Work request: Among the lines below, output only those between the line holding "Penne with basil, tomatoes and Parmesan" and the line holding "429 27th Street, Manhattan", inclusive, exactly as written and with no pictures.

Dataset records:
+--

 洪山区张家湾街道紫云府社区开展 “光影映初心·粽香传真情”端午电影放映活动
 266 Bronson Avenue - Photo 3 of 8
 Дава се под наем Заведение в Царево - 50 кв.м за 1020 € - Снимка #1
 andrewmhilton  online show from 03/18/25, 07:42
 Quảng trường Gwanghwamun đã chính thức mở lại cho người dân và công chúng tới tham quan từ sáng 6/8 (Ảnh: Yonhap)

+--

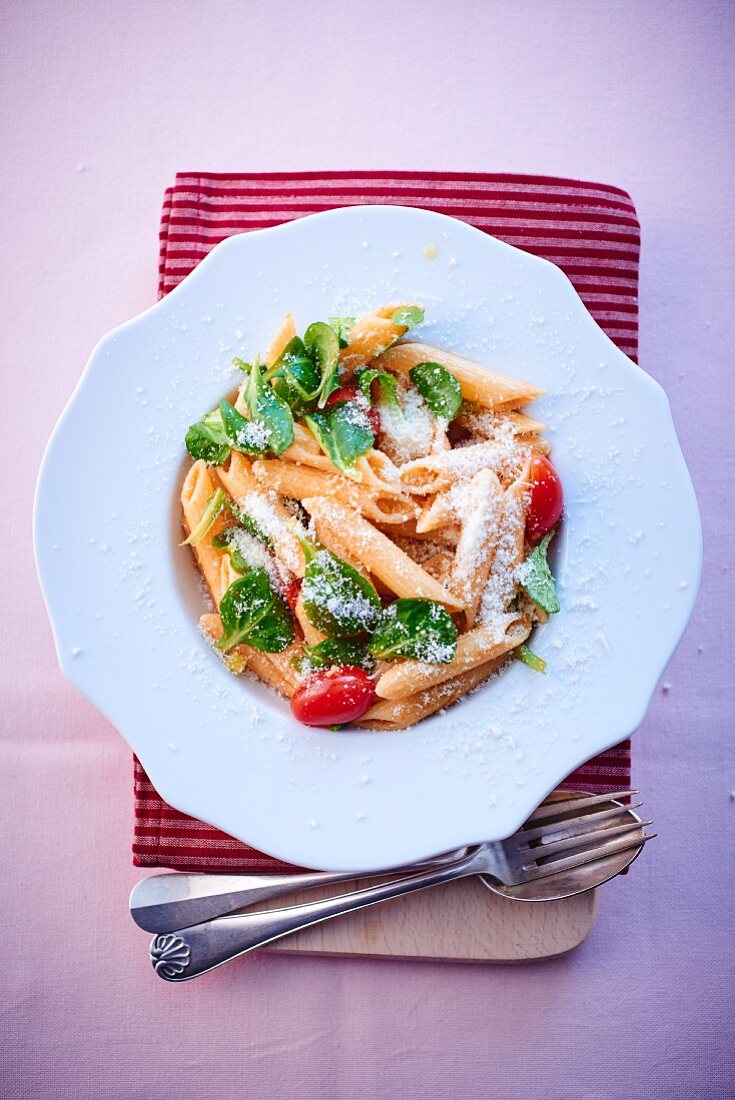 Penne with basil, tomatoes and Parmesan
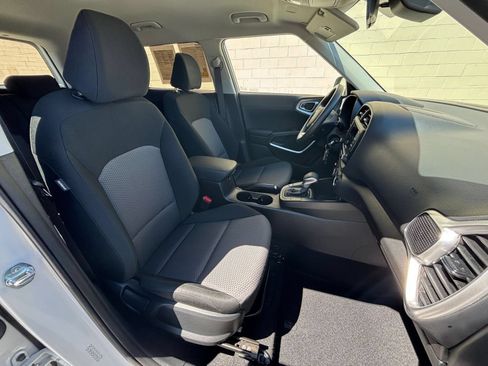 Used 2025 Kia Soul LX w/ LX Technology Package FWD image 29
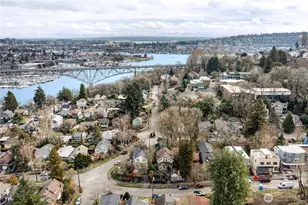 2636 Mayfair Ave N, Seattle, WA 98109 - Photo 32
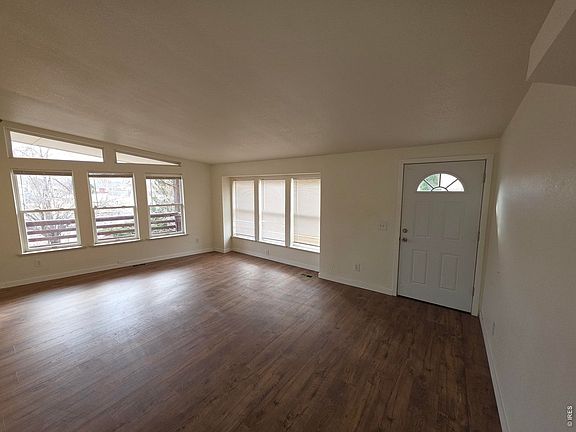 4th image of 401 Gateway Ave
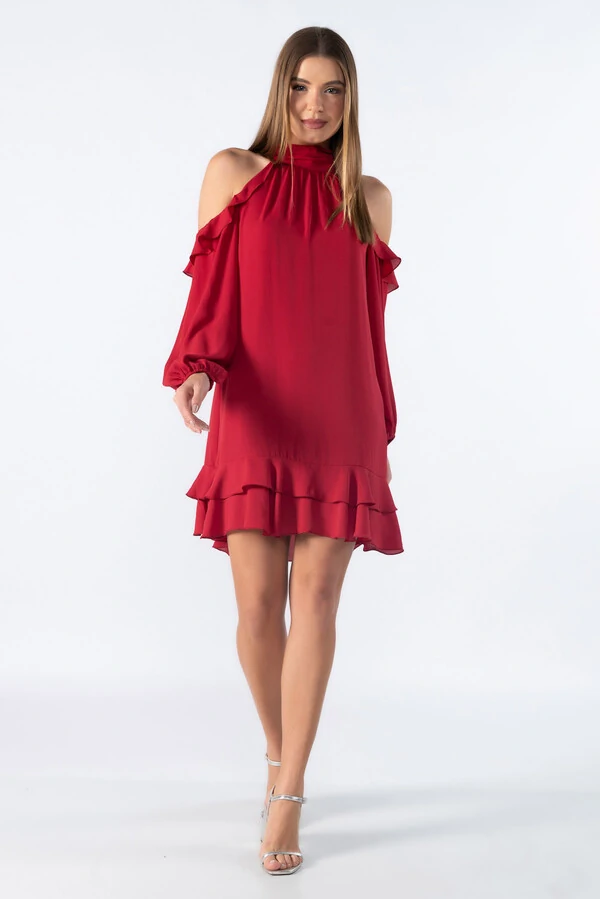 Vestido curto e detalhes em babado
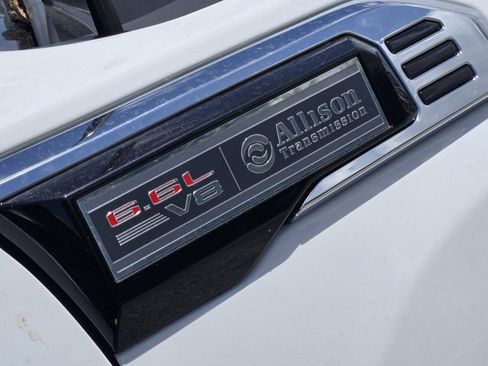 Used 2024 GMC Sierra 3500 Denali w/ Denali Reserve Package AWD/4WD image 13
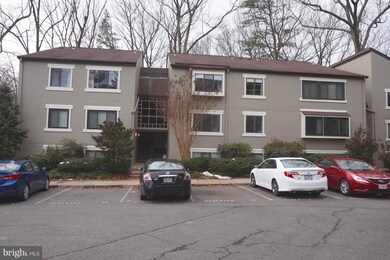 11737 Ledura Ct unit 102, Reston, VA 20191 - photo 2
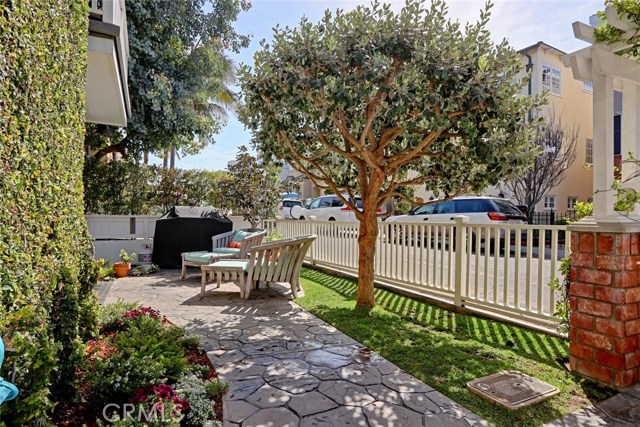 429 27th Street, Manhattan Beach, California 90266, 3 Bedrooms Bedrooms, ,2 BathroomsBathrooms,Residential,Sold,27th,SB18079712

+--

Written solution:
 Penne with basil, tomatoes and Parmesan
 Used 2025 Kia Soul LX w/ LX Technology Package FWD image 29
 2636 Mayfair Ave N, Seattle, WA 98109 - Photo 32
 4th image of 401 Gateway Ave
 Vestido curto e detalhes em babado
 Used 2024 GMC Sierra 3500 Denali w/ Denali Reserve Package AWD/4WD image 13
 11737 Ledura Ct unit 102, Reston, VA 20191 - photo 2
 429 27th Street, Manhattan Beach, California 90266, 3 Bedrooms Bedrooms, ,2 BathroomsBathrooms,Residential,Sold,27th,SB18079712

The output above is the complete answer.